In the copy, keep every line below as it is and leave out the pictures.

Records contained in a dataset
+++
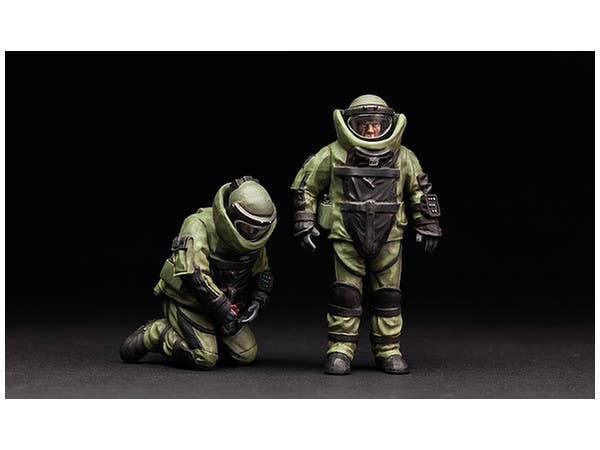 Meng 1/35 U.S. Explosive Ordnance Disposal Specialists & Robots | 4897038550647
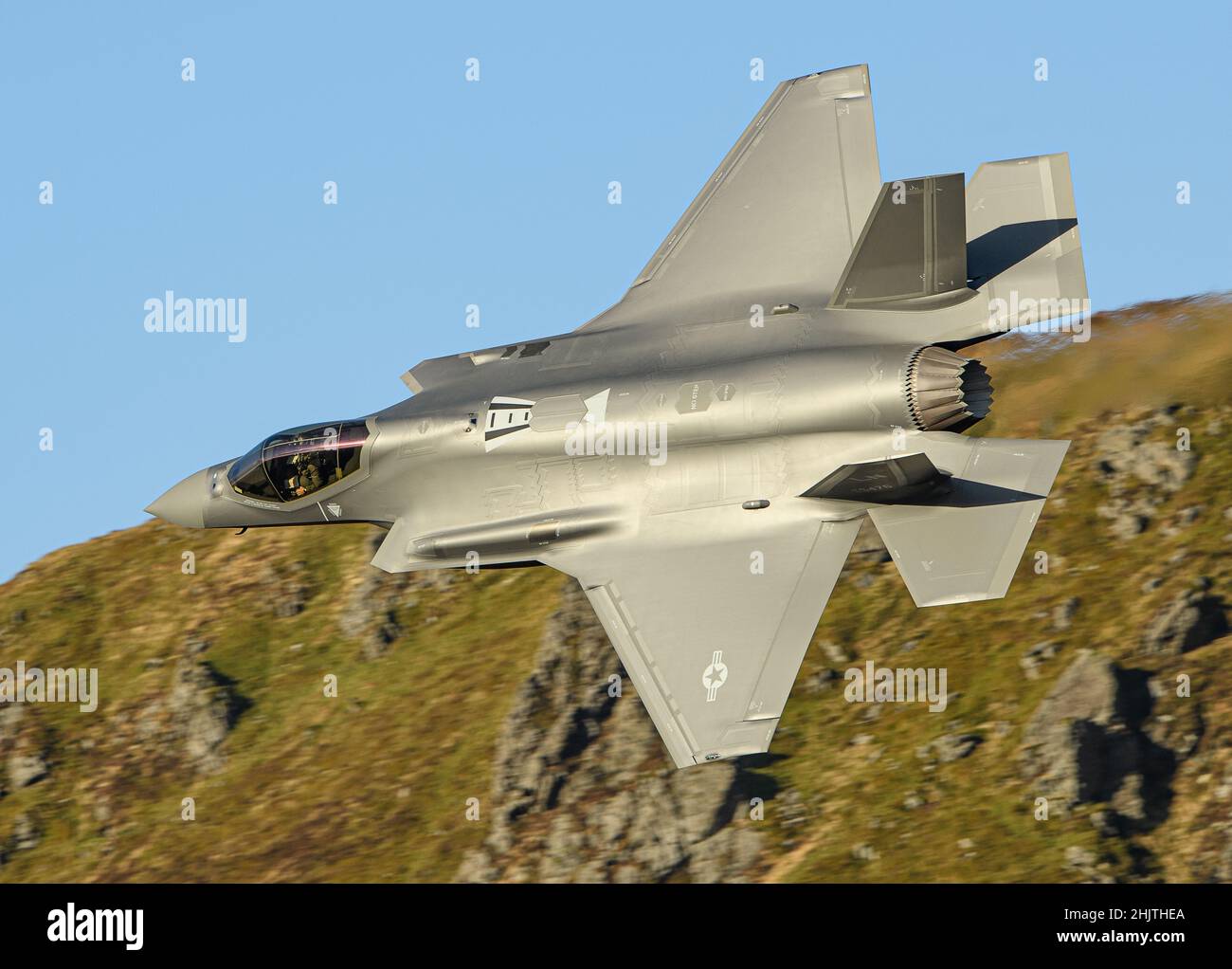 AF 19 5476 US Air Force Lockheed Martin F-35A Blitz II der 495th Jagdgeschwader (Valkyries), 48th Jagdflügel, führt durch den Mach Loop. Donnerstag, 20. Januar 2022. (Kredit: Jon Hobley | MI News) Kredit: MI Nachrichten & Sport /Alamy Live News Stockfoto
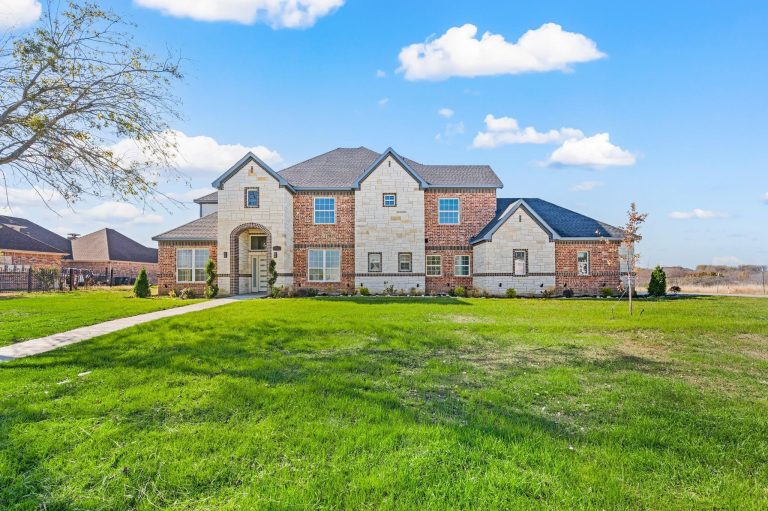 Property Photo of 828 Mallard Pointe Drive, Grand Prairie 75104 – Home for Sale in Grand Prairie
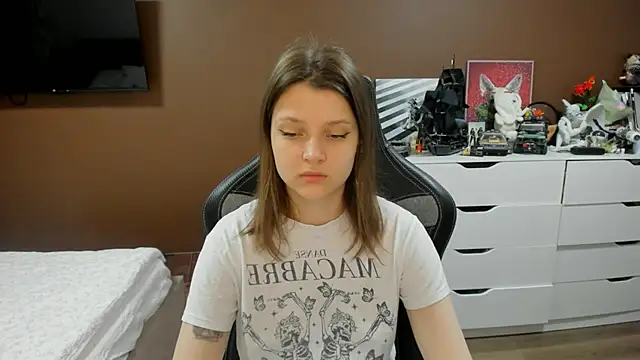 SoniNesti online show from 06.17.26
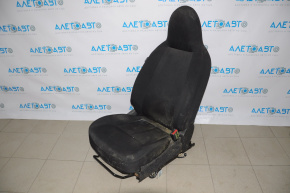 Пассажирское сидение Nissan Versa 12-19 usa без airbag, механич, тряпка черн, грязное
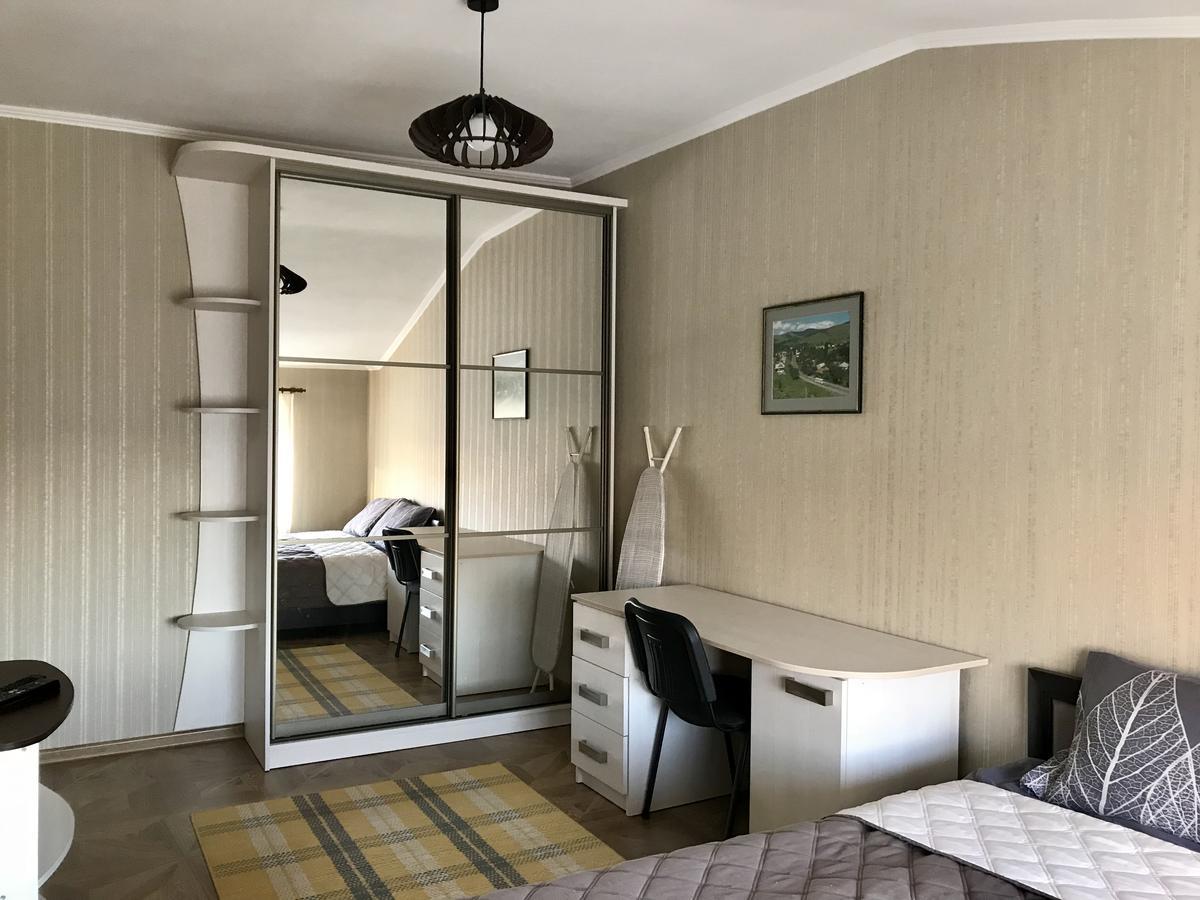 Panoramic View Top Floor Apartment In The City Center Munkács Kültér fotó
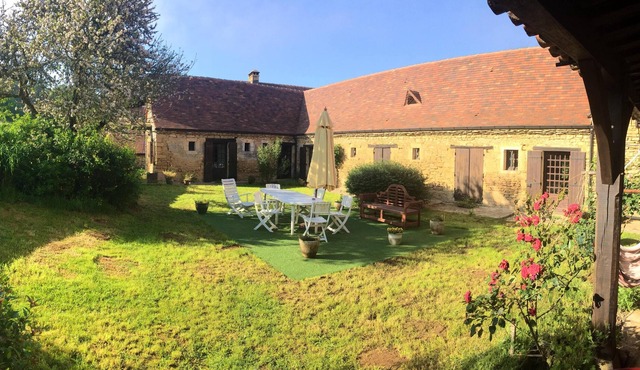 Homerez - Big house for 10 ppl. with swimming-pool and terrace at Marquay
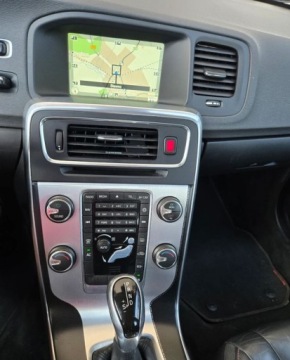 Volvo V60 I Kombi Facelifting 2.0 D3 DRIVE-E 150KM 2016 Volvo V60 Przeglad I ubezpieczenie na Rok. 2.0 Diesel 150KM, zdjęcie 3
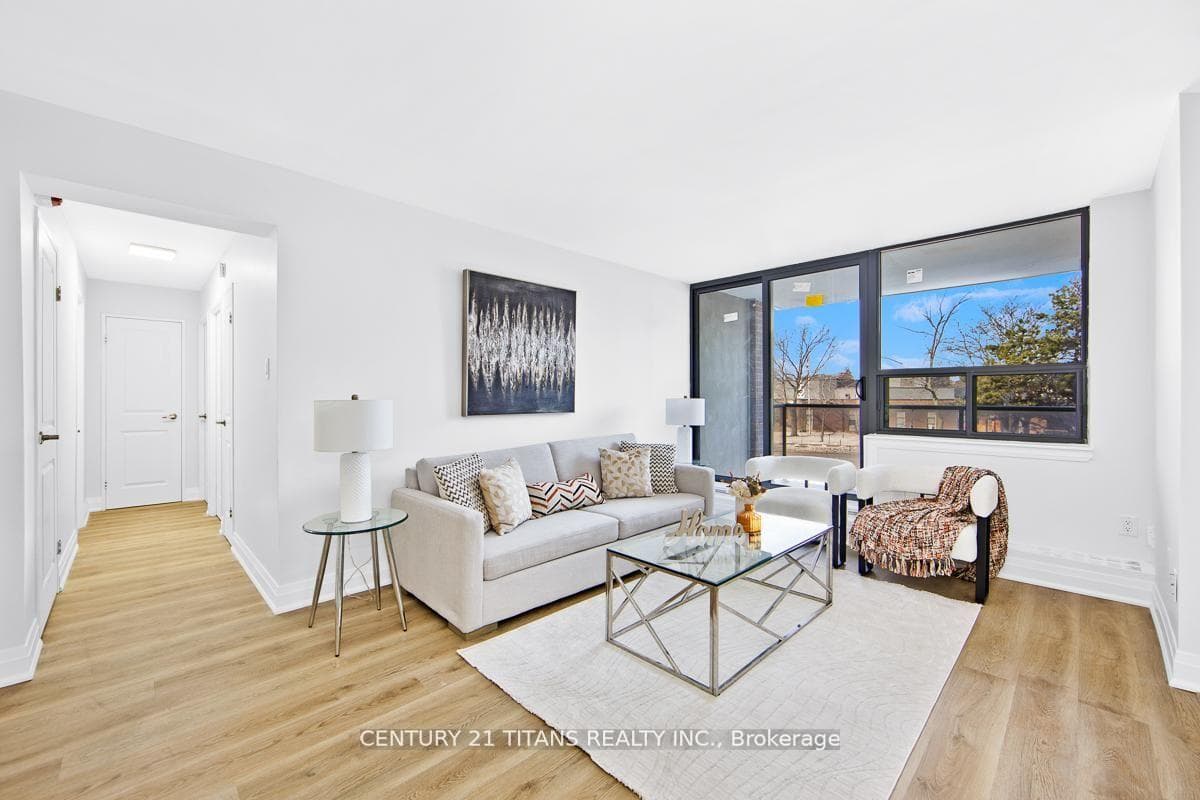 100 Wingarden Court Unit 201 photo 7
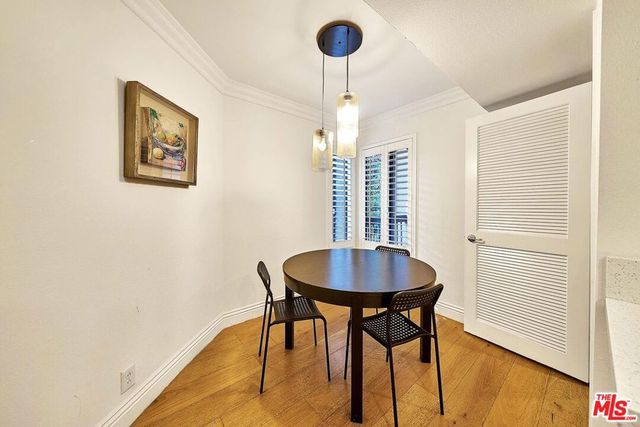 835 S Lucerne Boulevard 205, Los Angeles, CA 90005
+++
# Solution to this problem:
 Meng 1/35 U.S. Explosive Ordnance Disposal Specialists & Robots | 4897038550647
 AF 19 5476 US Air Force Lockheed Martin F-35A Blitz II der 495th Jagdgeschwader (Valkyries), 48th Jagdflügel, führt durch den Mach Loop. Donnerstag, 20. Januar 2022. (Kredit: Jon Hobley | MI News) Kredit: MI Nachrichten & Sport /Alamy Live News Stockfoto
 Property Photo of 828 Mallard Pointe Drive, Grand Prairie 75104 – Home for Sale in Grand Prairie
 SoniNesti online show from 06.17.26
 Пассажирское сидение Nissan Versa 12-19 usa без airbag, механич, тряпка черн, грязное
 Panoramic View Top Floor Apartment In The City Center Munkács Kültér fotó
 Homerez - Big house for 10 ppl. with swimming-pool and terrace at Marquay
 Volvo V60 I Kombi Facelifting 2.0 D3 DRIVE-E 150KM 2016 Volvo V60 Przeglad I ubezpieczenie na Rok. 2.0 Diesel 150KM, zdjęcie 3
 100 Wingarden Court Unit 201 photo 7
 835 S Lucerne Boulevard 205, Los Angeles, CA 90005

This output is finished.